By David Palmer, Senior Associate, Fieldfisher
The Commission invited industry, research institutes and public authorities to test the detailed assessment list drafted by the High-Level Expert Group, which complements the guidelines. The latest plans are a deliverable under the AI strategy of April 2018, which aims at increasing public and private investments to at least €20 billion annually over the next decade, making more data available, fostering talent and ensuring trust. In this article, we discuss the aims of the AI Guidelines and some of the legal issues for employers and customer-facing businesses which use AI.
Code to joy
The underlying theme of the AI Guidelines is that AI will be a force for good if it is trustworthy. According to the AI Guidelines, trustworthy AI should be lawful, ethical and robust. The AI Guidelines proposes seven key requirements to assess trustworthiness:
- Humans should have agency and oversight for the actions of AI.
- AI should be technically robust and safe.
- Private data should be used legitimately and governed responsibly.
- Decisions made by AI should be transparent and traceable.
- Bias should be eliminated from AI so as to avoid exacerbation of prejudice and discrimination.
- AI should be sustainable and environmentally friendly and for the benefit all living beings.
- Mechanisms should be put in place to ensure accountability for AI systems and their outcomes and so that AI systems should be auditable.
The heart of the machine
Why does the EU think AI might not be trustworthy? AI is learning from data created and compiled as a result of the cumulative actions of humans. Our many biases (conscious and unconscious) are hard-baked into the data that forms AI's curriculum.
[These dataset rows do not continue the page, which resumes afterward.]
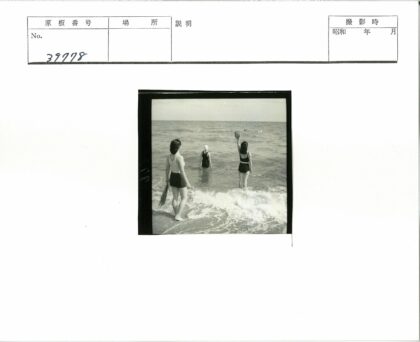 海滩嬉戏三人沙滩球欢乐.jpg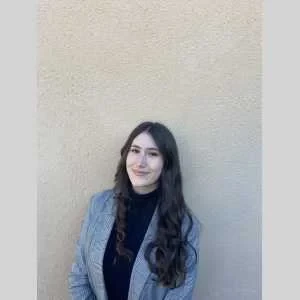 Sarah, babysitter à Saint Laurent d Arce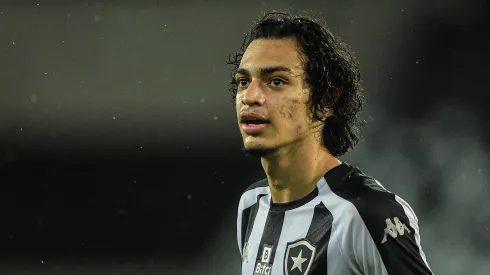 Matheus Nascimento jogador do Botafogo comemora seu gol durante partida contra o Nova Iguacu no estadio Engenhao pelo campeonato Carioca 2022. Atleta pode deixar o clube. Foto: Thiago Ribeiro/AGIF
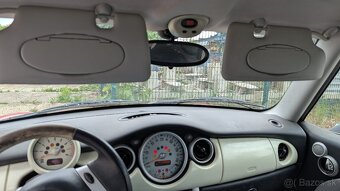 Mini Cooper 2003 r.v. 1.6 85kw - 15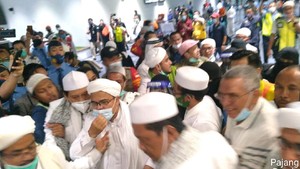 Penampakan Habib Rizieq Saat Keluar di Terminal 3 Bandara Soekarno-Hatta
Add to that the risk that AI might be used intentionally by the powerful among us in ways that aren't so good for the vulnerable among us, and the EU definitely has a point.
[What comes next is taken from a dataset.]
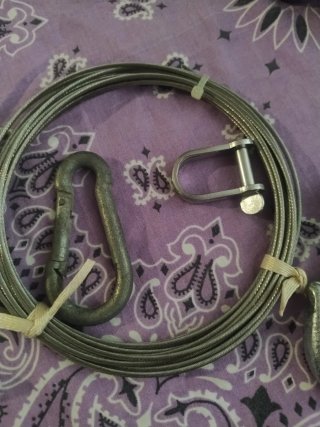Cable de acero con ganchos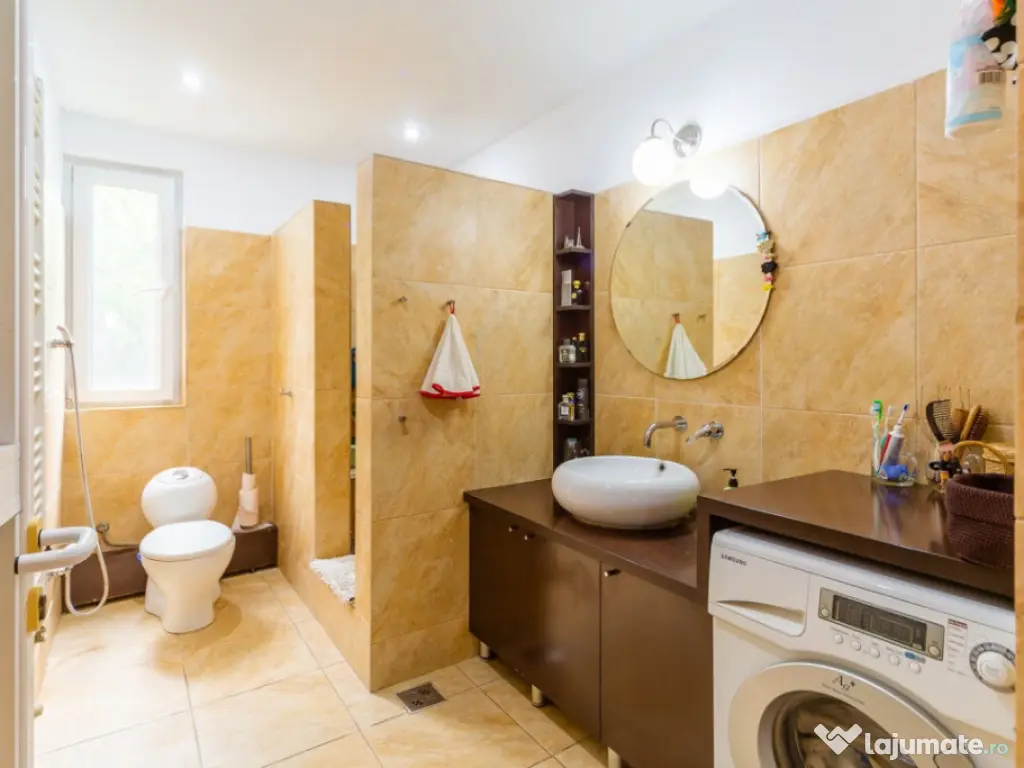 VILA parter si etaj- PIPERA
To put it another way: AI has all the makings of an A-star student. But with a biased textbook and a potentially exploitative teacher, it might end up more Paranoid Android rather than OK Computer.
The AI in the sky
In the UK, it is already the case that any AI used by a business which places employees or customers with a certain protected characteristic (such as his/her sex, disability, age or race) at a disadvantage, could in certain circumstances be a breach of the Equality Act 2010. Depending on how that person's data has been used by the AI, there could be GDPR implications too. But perhaps the biggest risk of using AI is reputational. The media loves a story about AI being discriminatory. The female doctor who was unable to use her gym swipe card to access female changing rooms, because the software understood that only men could be doctors, is such an example.
The AI-mardillo – hard on the outside, soft on the inside
The ethics of AI remains an evolving space. There are already "hard" legal risks surrounding AI, and now the focus is shifting towards the "soft" issues at its core. These are each likely to grow over time.
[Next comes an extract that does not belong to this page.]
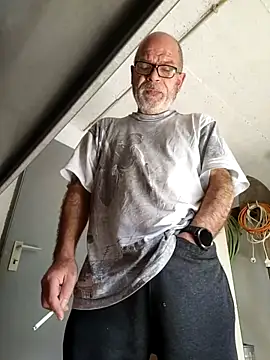 bottomhairy online show from 9, 4, 2026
The High-Level Expert Group is running a pilot to gather practical feedback on how its seven-point assessment list can be improved. The assessment list will be reviewed in early 2020 and the EU Commission may then propose next steps.
Regardless of Brexit, the EU Commission is now the thought-leader in this space. If it proposes that the EU legislates in this area, expect the UK Government to be highly minded to follow suit.